Terraform Pull Request Automation for Beginners

Getting started with Terraform? Learn how pull-request automation adds tests, policy checks and previews so beginners merge infrastructure code safely.

The Reality of Terraform at Scale

Here's what actually happens: Your team starts with local Terraform runs. Everything's fine until someone overwrites production. You add basic CI checks. Then state conflicts emerge. You implement Atlantis. It works great... until it doesn't.

The pattern is predictable because infrastructure complexity grows exponentially, not linearly. What works for 10 engineers breaks at 50. What works at 50 becomes a nightmare at 200.

Stage 1: Manual Coordination (1-10 Engineers)

Small teams operate on trust. You've got a shared AWS account, maybe two environments, and everyone knows what everyone else is doing.
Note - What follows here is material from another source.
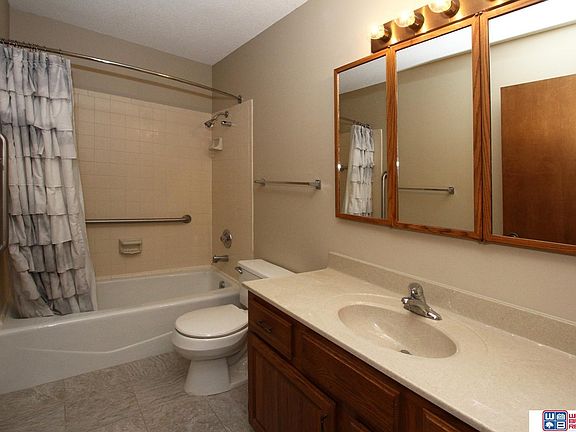 3rd image of 6747 Teton Dr #12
Sort of.

The Setup

# backend.tf - The classic S3 backend everyone starts with
terraform {
  backend "s3" {
    bucket = "company-terraform-state"
    key    = "production/terraform.tfstate"
    region = "us-east-1"
  }
}

What Actually Happens

# Developer A at 2:47 PM
$ terraform apply
Acquiring state lock...

# Developer B at 2:48 PM
$ terraform apply
Error: Error acquiring the state lock
Another process is already holding a lock on the state.
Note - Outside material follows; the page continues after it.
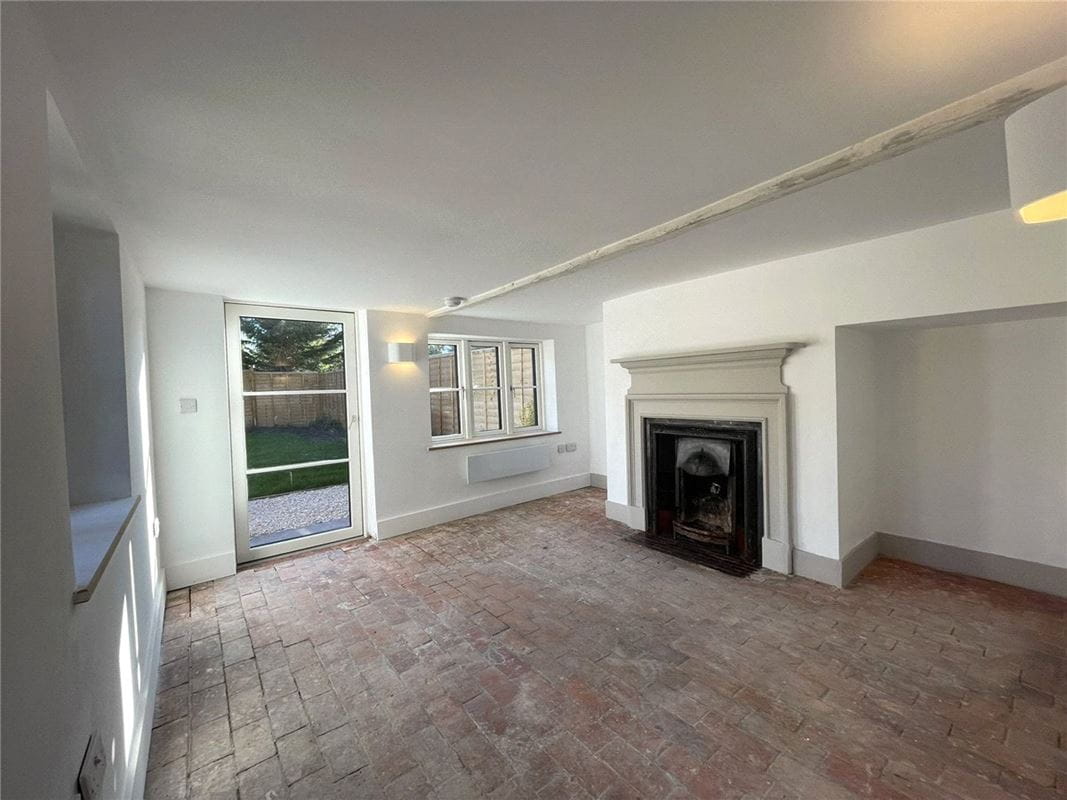 3 bedroom cottage, Enborne Street, Enborne RG14 - Sold STC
You implement basic PR checks:

# .github/workflows/terraform.yml
name: Terraform CI
on:
  pull_request:
    paths:
      - '**.tf'

jobs:
  validate:
    runs-on: ubuntu-latest
    steps:
      - uses: actions/checkout@v3
      - uses: hashicorp/setup-terraform@v2
      
      - name: Terraform Init
        run: terraform init
        
      - name: Terraform Validate
        run: terraform validate
        
      - name: Terraform Plan
        run: terraform plan -out=tfplan
        env:
          AWS_ACCESS_KEY_ID: ${{ secrets.AWS_ACCESS_KEY_ID }}
          AWS_SECRET_ACCESS_KEY: ${{ secrets.AWS_SECRET_ACCESS_KEY }}

This works until someone comments "LGTM" on a PR that creates 47 expensive EC2 instances. Time for actual automation.

Stage 2: Basic Automation with Atlantis (10-50 Engineers)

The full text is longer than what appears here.